Set down the data again exactly. Pictures are not part of the copy.

***** Input data

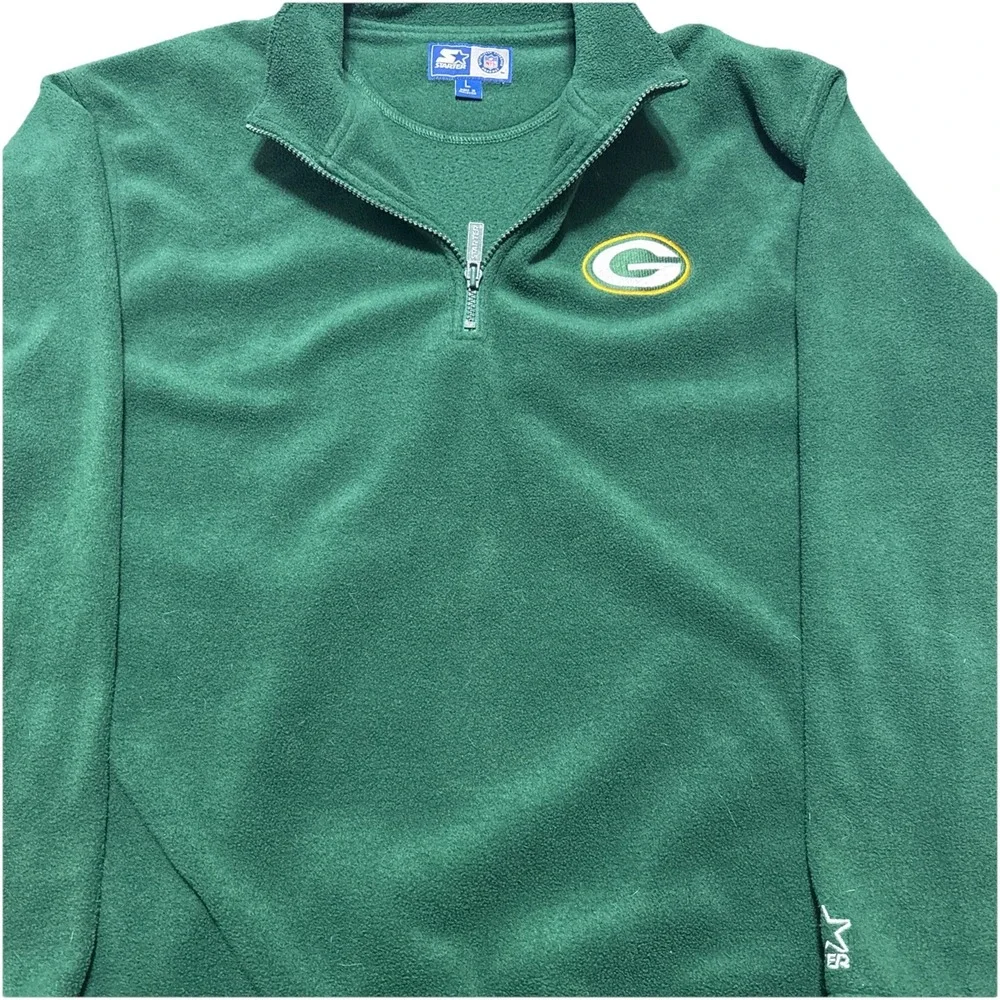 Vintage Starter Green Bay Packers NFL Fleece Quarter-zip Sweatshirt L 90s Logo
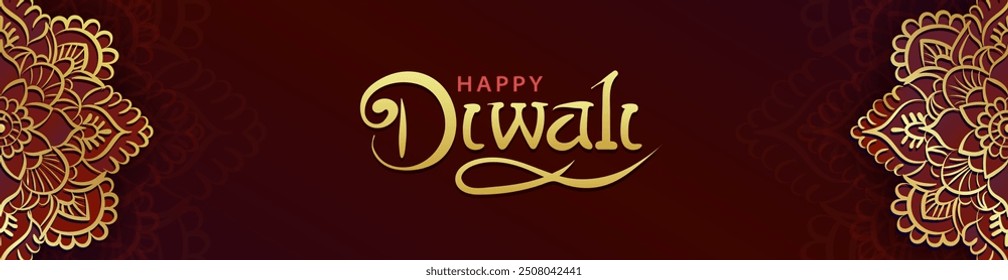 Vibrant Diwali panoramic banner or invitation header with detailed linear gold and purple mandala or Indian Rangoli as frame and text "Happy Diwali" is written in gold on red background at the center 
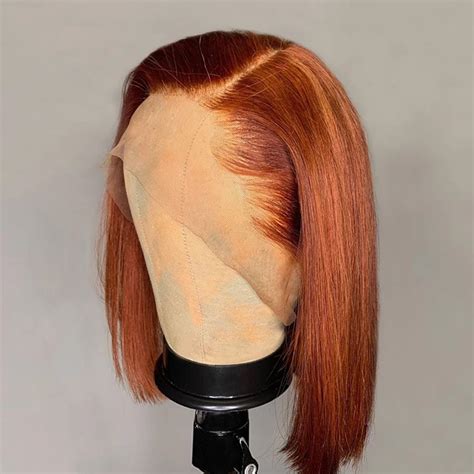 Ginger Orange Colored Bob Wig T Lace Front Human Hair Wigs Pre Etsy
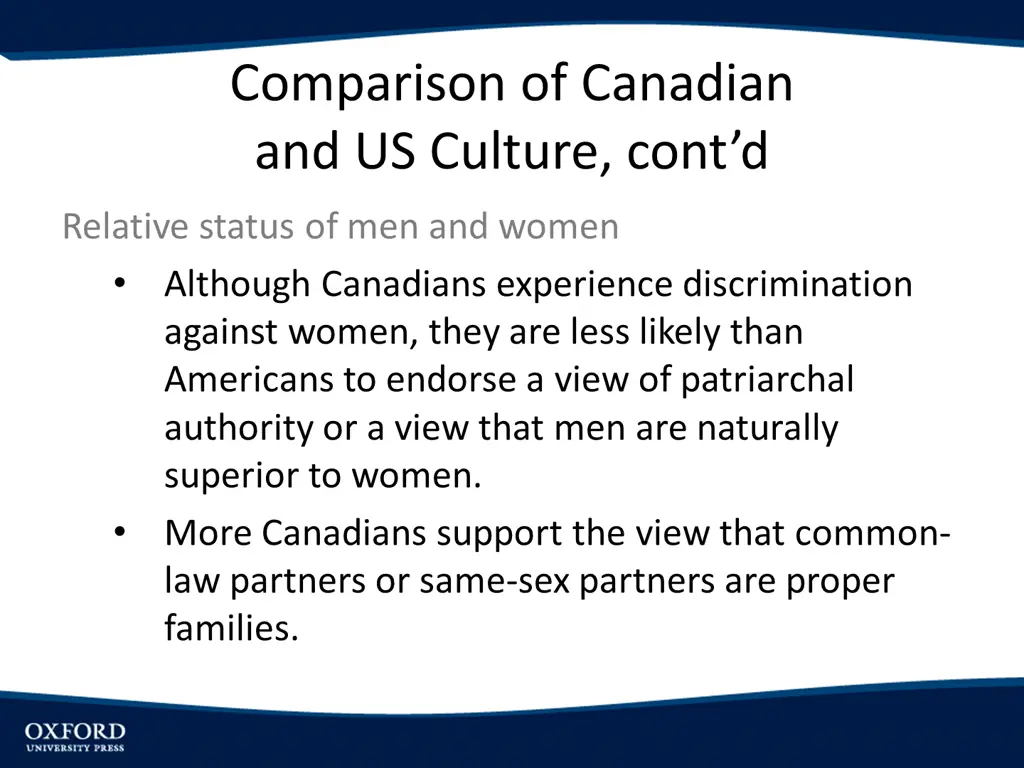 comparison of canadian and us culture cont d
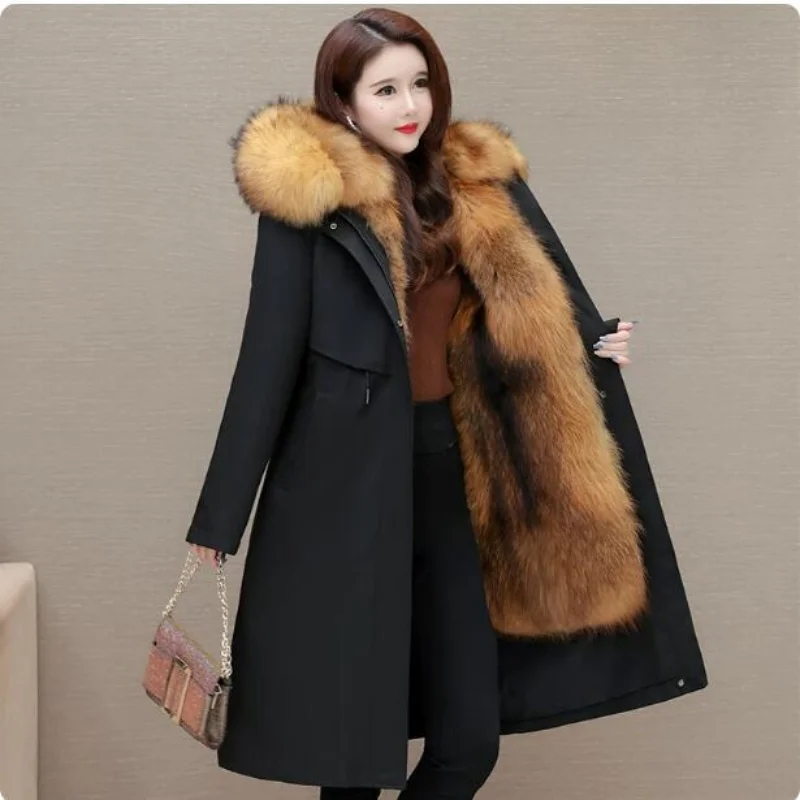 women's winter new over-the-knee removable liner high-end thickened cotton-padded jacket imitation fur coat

**********

[Result]
 Vintage Starter Green Bay Packers NFL Fleece Quarter-zip Sweatshirt L 90s Logo
 Vibrant Diwali panoramic banner or invitation header with detailed linear gold and purple mandala or Indian Rangoli as frame and text "Happy Diwali" is written in gold on red background at the center 
 Ginger Orange Colored Bob Wig T Lace Front Human Hair Wigs Pre Etsy
 comparison of canadian and us culture cont d
 women's winter new over-the-knee removable liner high-end thickened cotton-padded jacket imitation fur coat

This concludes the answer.